(Captioned web image data)
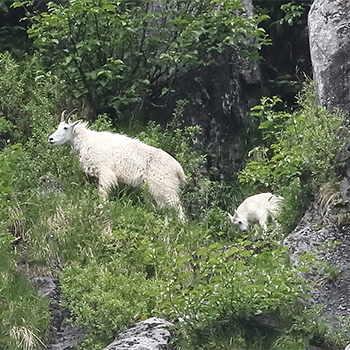 Mountain Goats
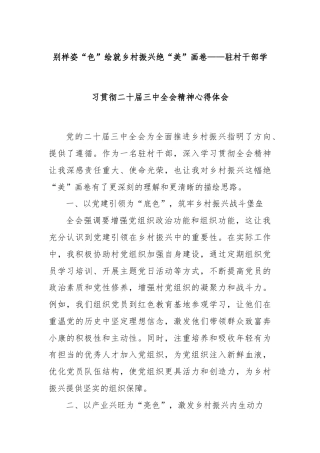 别样姿“色”绘就乡村振兴绝“美”画卷——驻村干部学习贯彻二十届三中全会精神心得体会
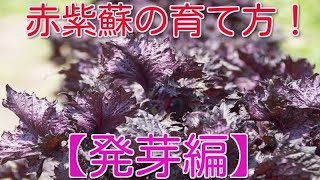 赤紫蘇の育て方（発芽編）How to grow red shiso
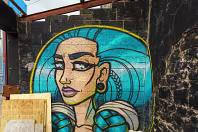 STREET ART INCLUDING THE SLEEPING PATTERNS MURALS [THE CAHILL MAY ROBERTS SITE JUNE 2016]-244474-1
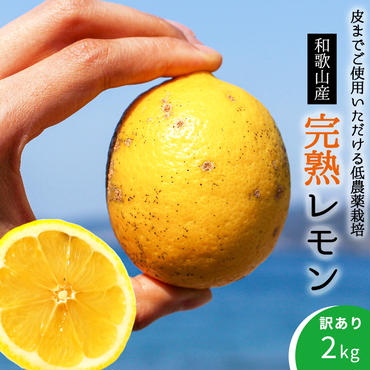 EA6021n_【訳あり・ご家庭用】完熟 レモン 2kg 皮までご使用いただける低農薬栽培!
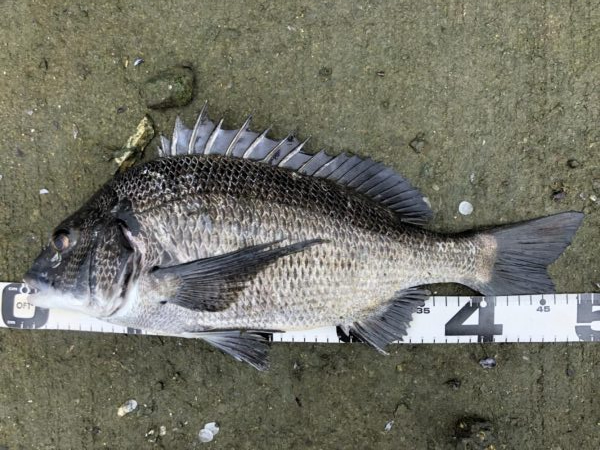 イチノ兄弟、釣果!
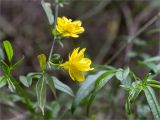 Jasminum mesnyi. Верхушка побега с цветками. Краснодарский край, г. Сочи, парк \"Дендрарий\", рядом с южным входом в парк, в культуре. 11.05.2021.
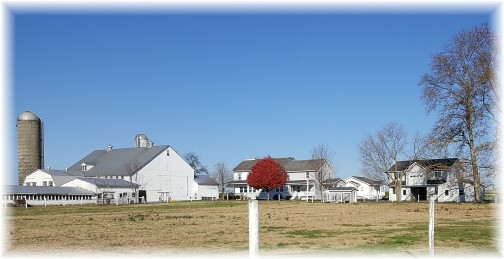 Amish farm 11/17/16 (Click to enlarge)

> **Exercise prompt**
Transcribe the data exactly and leave no picture in the copy.

> **Reply to the exercise**
 Mountain Goats
 别样姿“色”绘就乡村振兴绝“美”画卷——驻村干部学习贯彻二十届三中全会精神心得体会
 赤紫蘇の育て方（発芽編）How to grow red shiso
 STREET ART INCLUDING THE SLEEPING PATTERNS MURALS [THE CAHILL MAY ROBERTS SITE JUNE 2016]-244474-1
 EA6021n_【訳あり・ご家庭用】完熟 レモン 2kg 皮までご使用いただける低農薬栽培!
 イチノ兄弟、釣果!
 Jasminum mesnyi. Верхушка побега с цветками. Краснодарский край, г. Сочи, парк \"Дендрарий\", рядом с южным входом в парк, в культуре. 11.05.2021.
 Amish farm 11/17/16 (Click to enlarge)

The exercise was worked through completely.